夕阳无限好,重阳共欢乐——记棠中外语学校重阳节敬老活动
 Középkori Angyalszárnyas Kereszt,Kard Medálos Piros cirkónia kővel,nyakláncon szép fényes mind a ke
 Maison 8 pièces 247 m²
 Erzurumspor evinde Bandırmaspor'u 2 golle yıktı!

■ Description of the task
Transcribe the data above completely and exactly.

■ Answer
夕阳无限好,重阳共欢乐——记棠中外语学校重阳节敬老活动
 Középkori Angyalszárnyas Kereszt,Kard Medálos Piros cirkónia kővel,nyakláncon szép fényes mind a ke
 Maison 8 pièces 247 m²
 Erzurumspor evinde Bandırmaspor'u 2 golle yıktı!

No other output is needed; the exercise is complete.